Motores más pequeños y silenciosos, posiciones diferentes de montaje de los trenes de potencia o posición de los escapes lo más eficiente posible. Todo esto puede sonar extraño, pero es hacia lo que va la industria del automóvil, y como consecuencia, la industria de las carreras. Y en Estados Unidos, a pesar de todo, también. Prueba de ello es el nuevo C8.R, equipando el motor en posición central, lo que afecta de manera notoria al sonido que sale por sus escapes. Esa nueva melodía es más aguda, más suave y menos personal. Es un Corvette, sí; pero no tanto. Acostumbrados a su característica música, este coche se asemeja menos a lo que asociamos con su apellido.

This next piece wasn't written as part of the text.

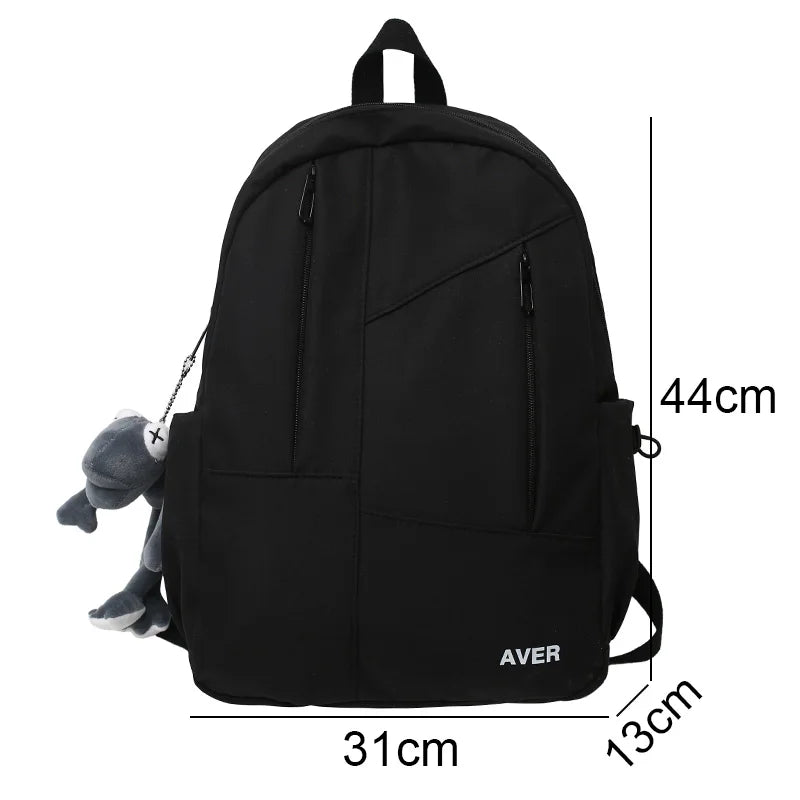 Fashion Men Women School Backpack Female Male Trendy Cool College Bag Travel Girl Boy Solid Color Book Backpack Lady Student Bag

Dos ejemplares del Chevrolet Corvette C7.R de la estructura oficial Corvette Racing

Así pues, con todo esto, ¿qué nos queda? Únicamente, el dar una majestuosa despedida al último Corvette desgarrador. El C7.R será recordado por ello, por ser el que puso punto y final a una saga de coches de competición reconocibles en la distancia por su sonido característico. El último en ponerte la carne de gallina antes de verlo. Lo escuchas y sabes que se está acercando. Y antes de que lo tengas delante, un escalofrío te recorre la espina dorsal. Cuando aparece ante tus ojos, sientes que su chasis amarillo es lo más bello que has visto nunca. Se aleja y notas la pérdida, anhelando volver a sentir lo mismo en la próxima vuelta.

El Chevrolet Corvette C7.R es un verdadero monstruo de carreras. Sustituyó al casi eterno C6.R, emblema de la marca de la cruz dorada durante casi diez años, logrando desde 2014 resultados destacados, tanto en Estados Unidos como en Europa. De la mano de pilotos como Tommy Milner, Oliver Gavin, Antonio García, Jan Magnussen, Marcel Fässler o Mike Rockenfeller, además de otros que han ido subiendo y bajando del asiento, ha conseguido triunfar en el Campeonato de Sportscar del IMSA, incluyendo victorias en circuitos como Sebring, Daytona o Long Beach; además de la victoria en la categoría GTE Pro en las 24 Horas de Le Mans de 2015 y un par de podios más en 2014 y 2017.

Un Chevrolet Corvette C7.R se aleja levantando agua de lluvia tras atronar al público con su sonido desgarrador

Su historial es para enmarcar. Los resultados han estado ahí y deja el listón alto para su sucesor, el C8.R. Pero lo que de verdad es de exposición es su motor. Esa bestialidad de propulsor capaz de hacerte temblar en la distancia. Un orfeón entonando notas cabreadas al compás de las revoluciones de un V8 atmosférico de 5,5 litros montado en la parte delantera del coche. Un sinfín de acordes que desde esa posición se despiden para siempre. Ha sido un placer. ¡Qué hermoso placer!